[PATCH v3 5/5] nvme_fc: add dev_loss_tmo timeout and remoteport resume support
Hannes Reinecke
hare at suse.de
Thu Oct 19 23:27:55 PDT 2017
On 10/18/2017 01:32 AM, James Smart wrote:
> This patch adds the dev_loss_tmo functionality to the transport.
>
> When a remoteport is unregistered (connectivity lost), the following
> actions are taken:
> - the remoteport is marked DELETED
> - a dev_loss_tmo timer is started for the remoteport
> - all controllers on the remoteport are reset.
>
> After a controller resets, it will stall in a RECONNECTING state
> waiting for one of the following:
> - the controller will continue to attempt reconnect per max_retries
> and reconnect_delay. As no remoteport connectivity, the reconnect
> attempt will immediately fail. if max reconnect attempts are
> reached (e.g. ctrl_loss_tmo reached) the controller is deleted.
> - the remoteport is re-registered prior to dev_loss_tmo expiring.
> The resume of the remoteport will immediately attempt to reconnect
> each of its suspended controllers.
> - the remoteport's dev_loss_tmo expires, causing all of its
> controllers to be deleted.
>
> Signed-off-by: James Smart <james.smart at broadcom.com>
>
> v3:
> Reworked so dev_loss_tmo specific to the remoteport. Revised
> so connectivity loss resets controllers, and connectivity gain
> schedules reconnect.
> ---
> drivers/nvme/host/fc.c | 289 +++++++++++++++++++++++++++++++++++++++++++------
> 1 file changed, 257 insertions(+), 32 deletions(-)
>
> diff --git a/drivers/nvme/host/fc.c b/drivers/nvme/host/fc.c
> index 61da2f92f71a..3628790371d7 100644
> --- a/drivers/nvme/host/fc.c
> +++ b/drivers/nvme/host/fc.c
> @@ -138,6 +138,7 @@ struct nvme_fc_rport {
> struct nvme_fc_lport *lport;
> spinlock_t lock;
> struct kref ref;
> + struct delayed_work dev_loss_work;
> } __aligned(sizeof(u64)); /* alignment for other things alloc'd with */
>
> enum nvme_fcctrl_flags {
> @@ -503,6 +504,8 @@ nvme_fc_free_rport(struct kref *ref)
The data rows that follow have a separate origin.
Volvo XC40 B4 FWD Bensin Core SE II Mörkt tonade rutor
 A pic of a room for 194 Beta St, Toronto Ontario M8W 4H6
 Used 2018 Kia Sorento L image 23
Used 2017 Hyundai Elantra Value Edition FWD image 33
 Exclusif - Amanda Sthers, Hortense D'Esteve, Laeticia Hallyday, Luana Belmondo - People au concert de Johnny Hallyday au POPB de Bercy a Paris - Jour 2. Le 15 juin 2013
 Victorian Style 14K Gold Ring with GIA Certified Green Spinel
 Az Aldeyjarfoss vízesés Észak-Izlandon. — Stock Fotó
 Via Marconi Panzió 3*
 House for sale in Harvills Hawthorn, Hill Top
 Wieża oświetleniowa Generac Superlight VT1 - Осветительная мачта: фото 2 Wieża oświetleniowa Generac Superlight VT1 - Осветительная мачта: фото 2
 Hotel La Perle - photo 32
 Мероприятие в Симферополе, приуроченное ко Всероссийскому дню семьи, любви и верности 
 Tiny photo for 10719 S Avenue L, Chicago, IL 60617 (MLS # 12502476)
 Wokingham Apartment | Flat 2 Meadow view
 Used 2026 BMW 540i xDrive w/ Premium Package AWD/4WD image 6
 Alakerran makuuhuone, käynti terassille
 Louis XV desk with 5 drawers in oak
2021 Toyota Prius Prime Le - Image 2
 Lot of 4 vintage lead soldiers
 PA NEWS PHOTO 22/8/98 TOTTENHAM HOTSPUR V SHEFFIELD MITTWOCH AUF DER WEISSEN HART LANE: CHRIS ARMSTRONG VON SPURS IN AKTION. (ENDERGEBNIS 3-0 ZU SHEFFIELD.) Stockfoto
> WARN_ON(rport->remoteport.port_state != FC_OBJSTATE_DELETED);
> WARN_ON(!list_empty(&rport->ctrl_list));
>
> + cancel_delayed_work_sync(&rport->dev_loss_work);
> +
> /* remove from lport list */
> spin_lock_irqsave(&nvme_fc_lock, flags);
> list_del(&rport->endp_list);
> @@ -530,6 +533,124 @@ nvme_fc_rport_get(struct nvme_fc_rport *rport)
> return kref_get_unless_zero(&rport->ref);
> }
>
> +static void
> +nvme_fc_resume_controller(struct nvme_fc_ctrl *ctrl)
> +{
> + switch (ctrl->ctrl.state) {
> + case NVME_CTRL_NEW:
> + case NVME_CTRL_RECONNECTING:
> + /*
> + * As all reconnects were suppressed, schedule a
> + * connect.
> + */
> + dev_info(ctrl->ctrl.device,
> + "NVME-FC{%d}: connectivity re-established. "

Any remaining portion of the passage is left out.